In the morning, we took it slow. I gots to have my coffee.
This part of the trail wound back and forth across the Blue Ridge Parkway in places where we could peer over the edge of the ridge on both sides and see into West Virginia, where the Allegheny range paralleled us, or onto the Peaks of Otter, a resort-encrusted mountain jutting to the east.
[I discovered a curious artifact on the trail very close to the Blue Ridge Parkway.]
After a long day [14 miles] we tented again at Cove Mountain Shelter. Ashley was out of it until we had dinner.
On our third day together we took it real easy. We hiked to Jennings Creek, walked a bit up the road and hitched a ride in the back of a pickup truck to Middle Creek Campground and went to the country store for some hot food and cold, carbonated drinks. We played air hockey in the store's "arcade" and then shot hoops at the basketball court. By court, I mean a 20 ft by 20 ft paved square with a hoop. As a bonus, the register was one of the rare ones to contain entries from the class of 2009. It was nice to read that people I've hiked with had a good time there a year earlier.
Afterward we hiked the mile or so back to the trail and started climbing. The sky opened up and dumped a torrent of fresh rain on us. It seemed like minutes later the storm was done and we were nearing Bryant Ridge Shelter, our intended destination.

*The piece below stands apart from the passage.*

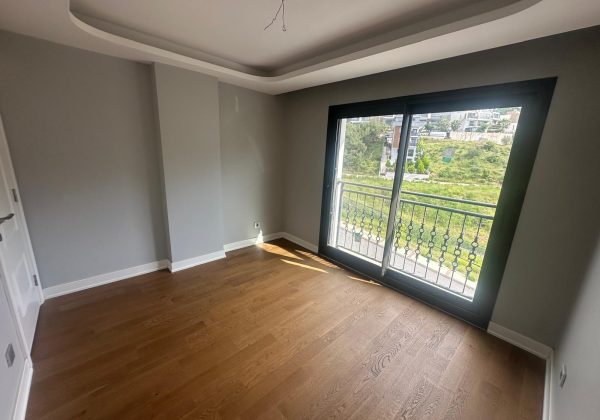 ÇETIN EMEÇ'TE SATILIK 5+2 IKIZ VILLA.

"Getting in at 4:30, just like the old men do it," I said. The deluxe two-story shelter loomed above the creek and trail. And as a matter of fact four old men already occupied it.
There was so much room that I pitched my tent, without the rain fly, on the top level. Two young hikers, T-Funk and Rock and Roll, showed up later and set up across the room on the same floor. As we bedded down, a long, drawn-out fart ripped through the country for old men down below. It was material for comedy among us younger ones in the morning. Ashley suggested, in the register, a fireman's pole or a slide into a ball pit for getting down from the top level of the shelter.
The next day Ashley got to climb all morning as we made our way up to Floyd Mountain. It was 1,000 feet up in the damp hot air. And we had to hurry, because we had to meet a shuttle back to Daleville at noon where the Blue Ridge Parkway connects with a short side trail from Cornelius Creek Shelter. I ran the last half of a mile or so and bade the shuttle man wait, and soon we were headed south on the parkway. We spotted a wild turkey - the only one I've seen so far - on the side of the road.
We took strong advantage of Ashley's car and drove south from Daleville 20 minutes to Catawba, home of the legendary Homeplace restaurant. The restaurant is open only Thursday through Sunday - I'd missed it because of Trail Days. We put our names on the list and waited while a man with a Virginia drawl called out parties on the outdoor loudspeakers. Lots of people wore church clothes, it being Sunday. The restaurant's simplicity is its strong suit. It's AYCE, and the menu consists of fried chicken, country ham, roast beef and a smattering of fixins, including biscuits and some insanely good apple butter.
I felt rejuvenated by food.
[Me and Ashley at the Homeplace, Catawba, Va. The shot was at the end of a series on self timer, hence the pose. May 23.]
After resupplying at the Daleville Kroger again, Ashley drove me to the side trail to Cornelius Creek Shelter, where we parted.
I thought about stopping for the night, but changed my mind and summited Apple Orchard Mountain [elev. 4,225 ft] on my way to Thunder Hill Shelter, arriving just after 8 p.m.